Big Bugs, Big Problems
In the 1950s era of over-the-top science-fiction and horror films, the giant insect film invaded theaters with a bug-eyed, tentacled fury. Beginning with Them! in 1954, movies like Tarantula (1955), The Black Scorpion (1957), Beginning of the End (1957), The Monster That Challenged the World (1957), Deadly Mantis (1957), Earth v. The Spider (1958), and The Wasp Woman (1959) placed small-town Americans at the mercy of enormous creepy-crawlies that could only be vanquished with the use of military force.
Part of the allure, of course, was the bugs themselves. We are both repulsed and fascinated by insects because of their distinct appearances—so different from ours!—as well as by their sheer numbers and remarkable survival skills. To experience them up close and personal gave audiences a chance to both shiver in delight and marvel at the special effects technology that birthed these ugly monstrosities. The filmmakers’ methods varied: in Them!, the giant ants were constructed and manipulated by technicians, but in Tarantula and Beginning of the End, actual insects (tarantulas and grasshoppers) were filmed and magnified to create the desired effects.
Some of the films had “teachable” moments that explained to characters and the audience how special the insects actually were. In Them!, entomologist Harold Medford (Edmund Gwenn) shows military personnel a short film that explains the “nature of the creatures we are up against.” The film is a mini nature documentary that instructs us about the history of ants, their incredible strength and resilience, and their variety as a species—there is even a special appearance by Camponotus Vicinus, the specific type of ant terrorizing the residents of the New Mexico town.
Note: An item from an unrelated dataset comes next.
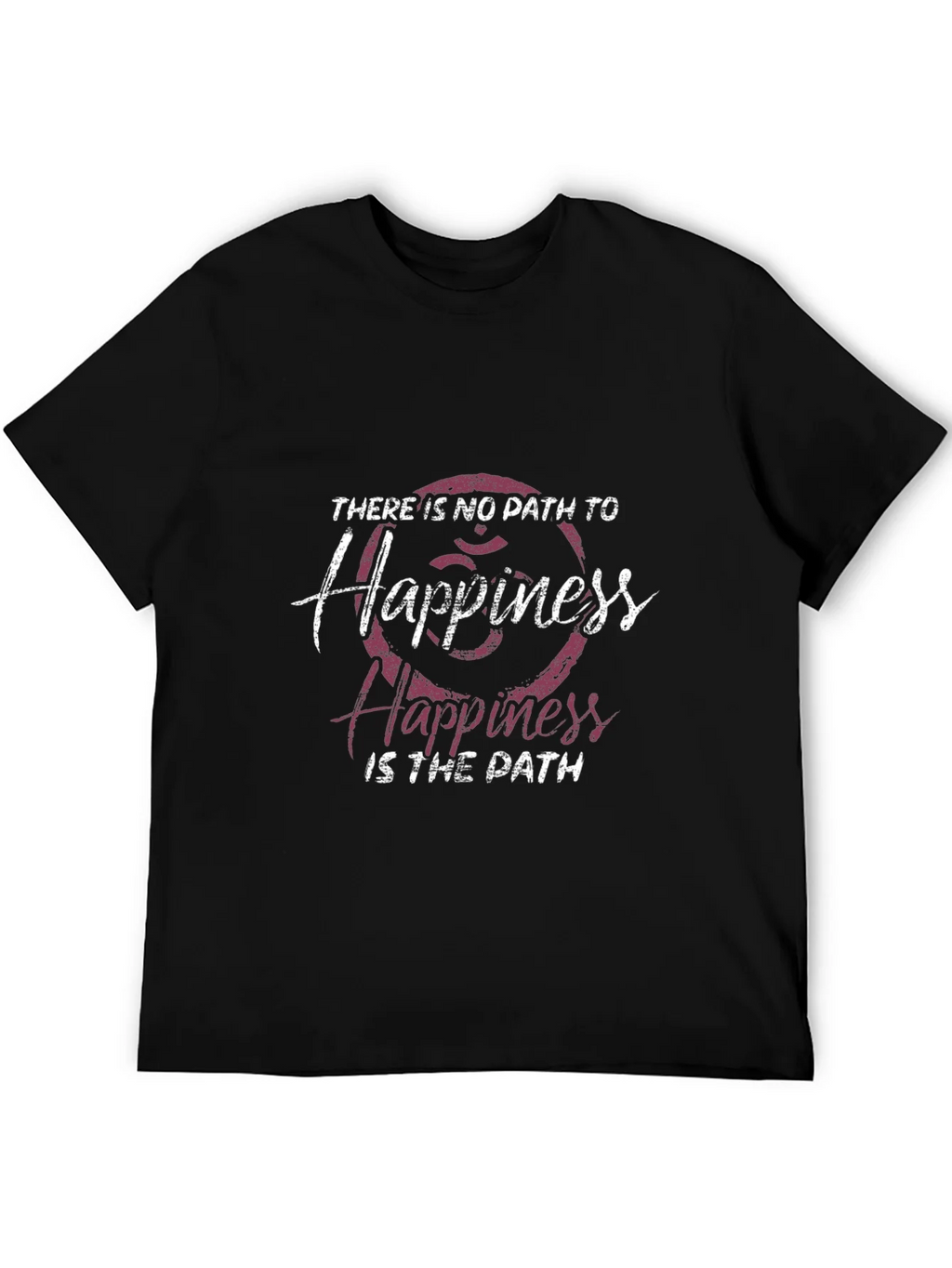 Happiness Path Graphic Tee - Black Casual Shirt product image 5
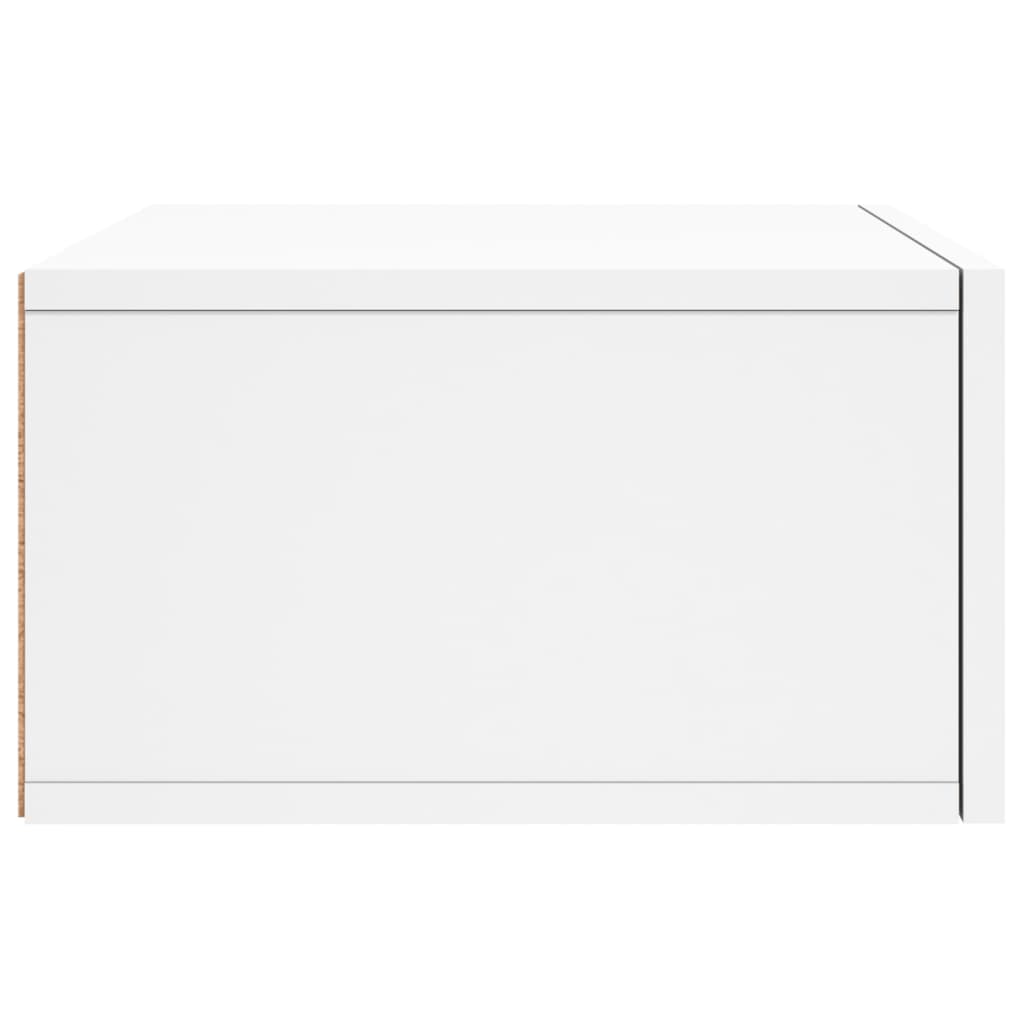 Comodini a Muro 2 pz Bianchi 35x35x20 cm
The bugs of the 1950s represented particular fears of the era, specifically of nuclear bombs and their after effects; professor of history William M. Tsutsui noted that big bug movies of the 1950s might actually have mirrored fears about increasingly sophisticated insecticide and pest removal formulas like DDT. Regardless of what specific anxieties the films tapped into, the swift responses by law enforcement, military, and scientists in the films reflected audiences’ need to see law and order restore the status quo. After the 1950s, bugs continued to squirm their way into popular culture. They remained a staple in horror and science fiction with films like Arachnophobia (1990), Tremors (1990), Starship Troopers (1997), and Bug (2006) but also migrated to other genres, including children’s films like A Bug’s Life (1998) and Bee Movie (2007). It seems that whatever their size or dispositions, our multi-legged arthropod friends continue to both repulse and fascinate us.